──────── MATERIALS PROVIDED ────────
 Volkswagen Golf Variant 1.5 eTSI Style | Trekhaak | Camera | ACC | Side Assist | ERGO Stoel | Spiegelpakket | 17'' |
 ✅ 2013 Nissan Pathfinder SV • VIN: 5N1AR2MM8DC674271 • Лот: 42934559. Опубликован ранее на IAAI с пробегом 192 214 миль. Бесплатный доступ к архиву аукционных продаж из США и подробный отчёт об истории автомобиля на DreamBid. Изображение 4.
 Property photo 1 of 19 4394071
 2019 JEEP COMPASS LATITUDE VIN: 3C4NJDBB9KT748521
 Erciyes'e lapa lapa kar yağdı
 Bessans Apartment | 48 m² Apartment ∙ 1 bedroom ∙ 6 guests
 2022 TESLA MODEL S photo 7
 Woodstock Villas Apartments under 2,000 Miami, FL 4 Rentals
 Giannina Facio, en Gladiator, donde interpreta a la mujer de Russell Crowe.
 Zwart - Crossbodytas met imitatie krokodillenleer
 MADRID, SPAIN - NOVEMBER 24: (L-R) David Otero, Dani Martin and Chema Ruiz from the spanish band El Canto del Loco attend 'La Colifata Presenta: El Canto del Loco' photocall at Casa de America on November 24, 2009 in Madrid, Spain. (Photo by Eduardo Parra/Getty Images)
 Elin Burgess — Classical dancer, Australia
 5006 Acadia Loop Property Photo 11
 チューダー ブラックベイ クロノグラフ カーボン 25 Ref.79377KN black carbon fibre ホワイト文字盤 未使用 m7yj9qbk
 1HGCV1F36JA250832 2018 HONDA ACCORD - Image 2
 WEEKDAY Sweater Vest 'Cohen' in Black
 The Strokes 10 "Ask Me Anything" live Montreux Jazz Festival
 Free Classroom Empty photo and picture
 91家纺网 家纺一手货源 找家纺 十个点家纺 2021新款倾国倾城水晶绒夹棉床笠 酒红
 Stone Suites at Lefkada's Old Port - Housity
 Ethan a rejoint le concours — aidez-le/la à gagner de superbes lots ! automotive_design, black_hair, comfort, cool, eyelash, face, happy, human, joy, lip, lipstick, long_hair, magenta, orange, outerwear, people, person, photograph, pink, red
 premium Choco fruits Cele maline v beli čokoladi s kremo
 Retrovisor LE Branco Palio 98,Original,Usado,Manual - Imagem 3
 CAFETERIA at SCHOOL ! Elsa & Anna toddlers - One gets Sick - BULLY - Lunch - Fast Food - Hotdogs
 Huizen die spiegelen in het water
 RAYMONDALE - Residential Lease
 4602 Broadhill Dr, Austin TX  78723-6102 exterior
────────
WHAT THE TASK REQUIRES: Find the string "Property" in the entries above and return each line that holds it.

FINAL ANSWER:
 Property photo 1 of 19 4394071
 5006 Acadia Loop Property Photo 11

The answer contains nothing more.